The Evolution of ASDI's Data Infrastructure

Estimated: 7 min read

Sean HarkinsonOct 20, 2023

How the Amazon Sustainability Data Initiative is Redefining Access to Scientific Datasets and Overcoming Discoverability Challenges

The Amazon Sustainability Data Initiative (ASDI) provides free public access to massive scientific data, including satellite imagery, weather measurements, and climate model outputs. The magnitude and diversity of these datasets present a big challenge for discoverability and interoperability.

Say you are a researcher needing synthetic aperture radar (SAR) data to perform deforestation detection work. You must first discover available datasets tagged as “synthetic aperture radar” manually. After finding the ESA Sentinel 1 dataset, If you wanted to locate products for a specific time period and location, you would need to research, understand, and interpret the unique file key structure used for this specific dataset. Using any other dataset in your analysis would require the same manual search and investigation effort to be used for analysis. ASDI tools, built on eoAPI, aim to improve the discovery and use of these datasets, making it easier for users to harness the full potential of open data. Now, you, the researcher, can use the common language of STAC to discover and access multiple datasets for a region and time period of interest.

FAIR as a framework

Through partnerships with a range of data providers, ASDI has made huge contributions to data Accessibility. (For a crash course on FAIR Principles (Findability, Accessibility, Interoperability, and Reuse), see Ryan Abernathy’s excellent presentation on the future of science data infrastructure). However, the magnitude and diversity of the ASDI open datasets present a big challenge for the Findability and Interoperability pillars.

Over the years, the earth observation (EO) community has made numerous attempts to solve this problem in a unified, consistent way. The STAC Specification has made enormous gains by providing a common language for describing and discovering EO data.

We’ve been working in the STAC ecosystem since its early days, and we’ve distilled that work into eoAPI, a cloud-native backend for modern, open geospatial data infrastructures. You can read more in our recent blog post on how and why we built eoAPI.

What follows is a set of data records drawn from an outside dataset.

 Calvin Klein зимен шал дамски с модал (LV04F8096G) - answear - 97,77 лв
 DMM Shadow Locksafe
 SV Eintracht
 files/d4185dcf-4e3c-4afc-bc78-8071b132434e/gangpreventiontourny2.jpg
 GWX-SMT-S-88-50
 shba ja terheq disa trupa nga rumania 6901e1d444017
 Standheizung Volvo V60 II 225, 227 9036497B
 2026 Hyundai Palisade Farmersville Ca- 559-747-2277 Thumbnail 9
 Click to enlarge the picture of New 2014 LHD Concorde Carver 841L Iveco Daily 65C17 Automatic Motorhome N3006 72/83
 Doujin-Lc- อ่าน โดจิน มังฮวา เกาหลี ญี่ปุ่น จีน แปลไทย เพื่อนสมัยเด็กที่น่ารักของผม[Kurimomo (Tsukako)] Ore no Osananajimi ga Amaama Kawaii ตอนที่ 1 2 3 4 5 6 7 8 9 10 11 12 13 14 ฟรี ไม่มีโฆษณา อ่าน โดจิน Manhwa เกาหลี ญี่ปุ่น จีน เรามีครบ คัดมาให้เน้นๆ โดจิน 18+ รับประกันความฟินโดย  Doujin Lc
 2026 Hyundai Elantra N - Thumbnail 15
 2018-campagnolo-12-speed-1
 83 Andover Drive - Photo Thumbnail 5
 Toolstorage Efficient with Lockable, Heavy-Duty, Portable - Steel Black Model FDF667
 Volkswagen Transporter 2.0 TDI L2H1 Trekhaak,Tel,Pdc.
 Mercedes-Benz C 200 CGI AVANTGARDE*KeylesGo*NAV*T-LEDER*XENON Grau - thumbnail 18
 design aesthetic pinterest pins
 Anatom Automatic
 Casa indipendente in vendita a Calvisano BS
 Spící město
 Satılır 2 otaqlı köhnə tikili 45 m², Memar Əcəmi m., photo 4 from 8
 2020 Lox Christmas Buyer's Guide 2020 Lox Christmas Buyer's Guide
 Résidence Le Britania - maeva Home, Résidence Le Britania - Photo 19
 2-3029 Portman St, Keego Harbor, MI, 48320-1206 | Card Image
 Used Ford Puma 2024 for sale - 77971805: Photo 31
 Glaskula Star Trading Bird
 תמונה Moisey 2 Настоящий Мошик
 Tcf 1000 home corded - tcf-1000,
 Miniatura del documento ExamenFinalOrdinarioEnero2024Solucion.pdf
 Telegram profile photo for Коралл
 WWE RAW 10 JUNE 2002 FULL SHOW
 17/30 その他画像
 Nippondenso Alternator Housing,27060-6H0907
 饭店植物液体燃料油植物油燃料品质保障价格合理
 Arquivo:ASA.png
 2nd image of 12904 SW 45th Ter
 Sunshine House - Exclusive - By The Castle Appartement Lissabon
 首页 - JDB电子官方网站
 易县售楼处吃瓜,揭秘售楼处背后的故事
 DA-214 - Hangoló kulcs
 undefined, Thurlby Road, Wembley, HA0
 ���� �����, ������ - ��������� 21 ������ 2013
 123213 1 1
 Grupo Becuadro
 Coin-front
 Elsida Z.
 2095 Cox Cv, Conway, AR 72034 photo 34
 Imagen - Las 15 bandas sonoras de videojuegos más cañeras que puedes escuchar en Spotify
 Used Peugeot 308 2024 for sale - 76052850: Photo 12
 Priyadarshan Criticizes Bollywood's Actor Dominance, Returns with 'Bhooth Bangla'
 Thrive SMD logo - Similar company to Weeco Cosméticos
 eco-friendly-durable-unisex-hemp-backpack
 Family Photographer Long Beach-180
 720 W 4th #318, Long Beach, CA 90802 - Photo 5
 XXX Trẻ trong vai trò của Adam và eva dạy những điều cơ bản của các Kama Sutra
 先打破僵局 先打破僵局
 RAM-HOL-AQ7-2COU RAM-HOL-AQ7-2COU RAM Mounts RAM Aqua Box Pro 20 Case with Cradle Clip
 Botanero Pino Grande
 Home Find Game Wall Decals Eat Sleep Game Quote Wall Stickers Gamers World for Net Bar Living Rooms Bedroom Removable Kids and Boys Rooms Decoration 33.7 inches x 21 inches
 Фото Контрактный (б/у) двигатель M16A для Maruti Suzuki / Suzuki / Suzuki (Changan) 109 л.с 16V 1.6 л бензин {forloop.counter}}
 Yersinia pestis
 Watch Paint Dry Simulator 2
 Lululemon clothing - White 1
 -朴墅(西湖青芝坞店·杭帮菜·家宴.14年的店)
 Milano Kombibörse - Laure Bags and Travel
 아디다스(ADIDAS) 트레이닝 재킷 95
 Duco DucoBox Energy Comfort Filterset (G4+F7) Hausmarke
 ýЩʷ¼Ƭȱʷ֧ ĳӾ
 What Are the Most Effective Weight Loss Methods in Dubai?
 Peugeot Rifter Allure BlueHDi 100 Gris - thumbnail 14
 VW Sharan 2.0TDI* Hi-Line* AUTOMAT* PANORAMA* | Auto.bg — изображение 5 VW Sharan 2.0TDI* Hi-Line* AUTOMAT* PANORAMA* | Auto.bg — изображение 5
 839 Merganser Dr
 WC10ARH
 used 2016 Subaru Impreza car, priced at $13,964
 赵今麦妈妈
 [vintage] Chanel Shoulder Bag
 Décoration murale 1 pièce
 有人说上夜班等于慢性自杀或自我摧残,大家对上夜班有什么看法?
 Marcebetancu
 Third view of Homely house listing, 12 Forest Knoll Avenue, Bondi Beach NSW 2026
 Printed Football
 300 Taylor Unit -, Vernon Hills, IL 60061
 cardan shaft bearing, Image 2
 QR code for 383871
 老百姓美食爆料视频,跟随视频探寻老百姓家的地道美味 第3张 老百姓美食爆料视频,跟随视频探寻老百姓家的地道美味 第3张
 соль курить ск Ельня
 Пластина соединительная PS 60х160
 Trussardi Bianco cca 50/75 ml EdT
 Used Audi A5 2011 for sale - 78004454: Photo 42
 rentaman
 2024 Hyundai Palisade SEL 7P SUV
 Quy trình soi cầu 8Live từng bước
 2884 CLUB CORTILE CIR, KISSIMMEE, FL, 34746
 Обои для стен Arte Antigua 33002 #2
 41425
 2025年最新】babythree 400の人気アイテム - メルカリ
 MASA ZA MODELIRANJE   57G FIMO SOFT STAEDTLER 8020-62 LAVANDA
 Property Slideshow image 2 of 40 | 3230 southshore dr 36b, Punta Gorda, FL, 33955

We’ve been using eoAPI for several planetary-scale projects with similar data discovery and interoperability challenges, so it was an easy choice for our work with ASDI. eoapi-cdk gave us the packaged infrastructure as code needed to rapidly deploy the STAC API backend and dynamic tiling services on AWS that provide the foundation for discoverable and interoperable ASDI data.

But simply providing the backend STAC API supporting this common language is insufficient. Thousands of new Sentinel 1 files are published to AWS every day for just this dataset alone. How can we create and manage cloud-optimized formats and STAC metadata for all these continuous streams of new data in a scalable way?

Streamlining Data Transformation

The datasets provided through ASDI are managed by external organizations in partnership with AWS. Sentinel 1, from our earlier example, is distributed as Cloud-Optimized GeoTIFFs by Sinergise. However, the bulk of the datasets are only available in archival formats with product-specific metadata. Transforming these archival formats into cloud-native formats, generating STAC metadata, and publishing the STAC metadata in our centralized STAC API are the first steps toward improving discoverability and interoperability.

This process is streamlined by leveraging the knowledge of the data community embedded in the stactools packages, which provide a consistent code interface for generating STAC metadata and cloud-native formats. Collaborative efforts to produce these stactools packages, such as those from Microsoft and Element84, are essential, and are key to the broader adoption of these standards and formats across open data programs.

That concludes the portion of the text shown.